We’ve been doing education wrong for a long time. I’m convinced.
Lately I’ve been choosing hip hop more, mainly because it’s always been rhythm that moves me more than a lot of other stuff. Rapsody blew my mind with her Too Lyrical EP and “Cleo,” then I cycled hits like “Thieves in the Night” from Black Star and “UMI Says” from Mos Def and “Make You Feel That Way” from Blackalicious and “Where I’m From” from Digable Planets and plenty of others as I go through Spotify stations. I’ve been reintroducing myself to The Roots. And beyond them, more than any group or artist lately, I keep landing on A Tribe Called Quest.
I’m not the first, and I’m probably later than I should be. One thing that’s been interesting as I’ve gotten older is how my ears have grown in a way that helps them hear things better, or tries to. I always knew Tribe was there, and I occasionally enjoyed them, but I never heard them.
Now I’m going through the albums and jumping into rabbit holes a little bit and I’ve wound up on the Wikipedia page for “Can I Kick It?”
I’m learning that the song samples Lou Reed’s “Walk on the Wild Side,” so that’s cool because I’ve never listened to Lou Reed on purpose, either — another guy who’s been in my head space as a name or an entity but one who I never turned the dial to because there are so many frequencies to choose from — and I’m learning that Tribe never made any money off of “Can I Kick It?” because of this.

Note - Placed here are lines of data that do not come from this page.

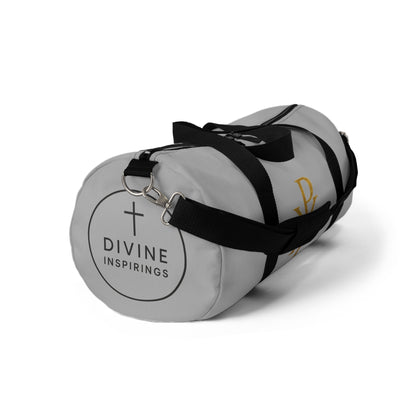 Women's Christ’s Victory Duffle Bag in Grey – Chi Rho Symbol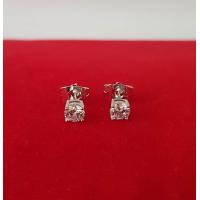 ราคา เครื่องประดับผู้หญิง ต่างหูเพชร CZ เม็ดเดี่ยว เงินแท้ 92 5 sterling slver ประดับเพชรสวิส CZ ขนาด 3MM รุ่น EA0007 เคลือบทองคำขาว (433768035)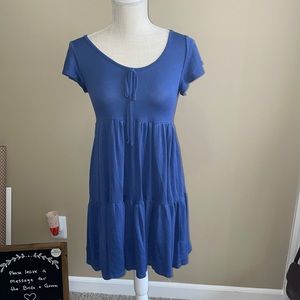 Blue babydoll dress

But most importantly, I’m learning that the group made a smirk-worthy video where they played with the dot of the “i” in “it.” And I’m learning that this little dot is called a tittle.
A tittle. For real. T-i-t-t-l-e tittle.
I love words, and I love language, and yet this amazing detail has been hidden from me my entire life, as a student, as an educator — we’re talking decades here. And I finally learned it from seminal hip hop that I arrived at only after a long, winding road because of other stories I’ve been told in its stead.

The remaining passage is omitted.